Look in the material below for the line with "Daily Roots King Tubby & The Aggrovators" and the line with "Appartementhaus Moser - Foto 10", then set down exactly those two lines and all lines between, nothing more.

RECORDS FOR THIS EXERCISE Start Marker

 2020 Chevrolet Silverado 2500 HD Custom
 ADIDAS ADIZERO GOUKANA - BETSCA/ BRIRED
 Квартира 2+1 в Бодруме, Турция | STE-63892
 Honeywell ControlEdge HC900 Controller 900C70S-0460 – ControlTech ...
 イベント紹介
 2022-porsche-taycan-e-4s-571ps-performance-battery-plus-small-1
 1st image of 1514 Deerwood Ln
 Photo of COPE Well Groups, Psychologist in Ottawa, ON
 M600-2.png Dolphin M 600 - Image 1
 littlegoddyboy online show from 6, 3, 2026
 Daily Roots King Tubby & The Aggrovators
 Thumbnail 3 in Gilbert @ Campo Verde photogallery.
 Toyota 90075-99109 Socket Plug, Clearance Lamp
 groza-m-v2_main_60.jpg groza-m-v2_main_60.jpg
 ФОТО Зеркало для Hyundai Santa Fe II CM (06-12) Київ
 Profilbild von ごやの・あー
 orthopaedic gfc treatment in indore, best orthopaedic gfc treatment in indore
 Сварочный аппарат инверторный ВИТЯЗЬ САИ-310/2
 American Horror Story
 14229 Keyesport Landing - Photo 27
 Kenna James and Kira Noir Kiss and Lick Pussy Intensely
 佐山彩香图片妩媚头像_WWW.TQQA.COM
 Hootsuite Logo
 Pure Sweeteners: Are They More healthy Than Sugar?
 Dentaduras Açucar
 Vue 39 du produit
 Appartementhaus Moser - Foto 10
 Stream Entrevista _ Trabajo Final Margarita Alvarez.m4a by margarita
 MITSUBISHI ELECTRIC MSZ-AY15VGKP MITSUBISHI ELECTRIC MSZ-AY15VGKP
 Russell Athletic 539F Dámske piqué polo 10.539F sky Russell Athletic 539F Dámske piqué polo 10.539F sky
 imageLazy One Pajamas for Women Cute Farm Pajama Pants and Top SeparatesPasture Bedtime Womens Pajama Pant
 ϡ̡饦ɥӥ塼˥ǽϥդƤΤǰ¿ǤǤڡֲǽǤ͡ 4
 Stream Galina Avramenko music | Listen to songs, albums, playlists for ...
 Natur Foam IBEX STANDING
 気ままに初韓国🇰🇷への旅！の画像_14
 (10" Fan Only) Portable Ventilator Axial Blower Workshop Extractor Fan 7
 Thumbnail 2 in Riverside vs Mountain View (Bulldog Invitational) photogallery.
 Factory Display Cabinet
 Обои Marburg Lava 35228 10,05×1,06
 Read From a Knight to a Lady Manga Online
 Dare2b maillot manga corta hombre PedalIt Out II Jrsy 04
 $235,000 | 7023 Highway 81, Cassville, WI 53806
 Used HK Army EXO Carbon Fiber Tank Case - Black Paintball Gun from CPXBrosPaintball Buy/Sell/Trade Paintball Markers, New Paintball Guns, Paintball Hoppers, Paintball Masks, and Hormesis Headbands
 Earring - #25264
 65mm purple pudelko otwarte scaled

RECORDS FOR THIS EXERCISE End Marker

• EXERCISE SOLUTION:
 Daily Roots King Tubby & The Aggrovators
 Thumbnail 3 in Gilbert @ Campo Verde photogallery.
 Toyota 90075-99109 Socket Plug, Clearance Lamp
 groza-m-v2_main_60.jpg groza-m-v2_main_60.jpg
 ФОТО Зеркало для Hyundai Santa Fe II CM (06-12) Київ
 Profilbild von ごやの・あー
 orthopaedic gfc treatment in indore, best orthopaedic gfc treatment in indore
 Сварочный аппарат инверторный ВИТЯЗЬ САИ-310/2
 American Horror Story
 14229 Keyesport Landing - Photo 27
 Kenna James and Kira Noir Kiss and Lick Pussy Intensely
 佐山彩香图片妩媚头像_WWW.TQQA.COM
 Hootsuite Logo
 Pure Sweeteners: Are They More healthy Than Sugar?
 Dentaduras Açucar
 Vue 39 du produit
 Appartementhaus Moser - Foto 10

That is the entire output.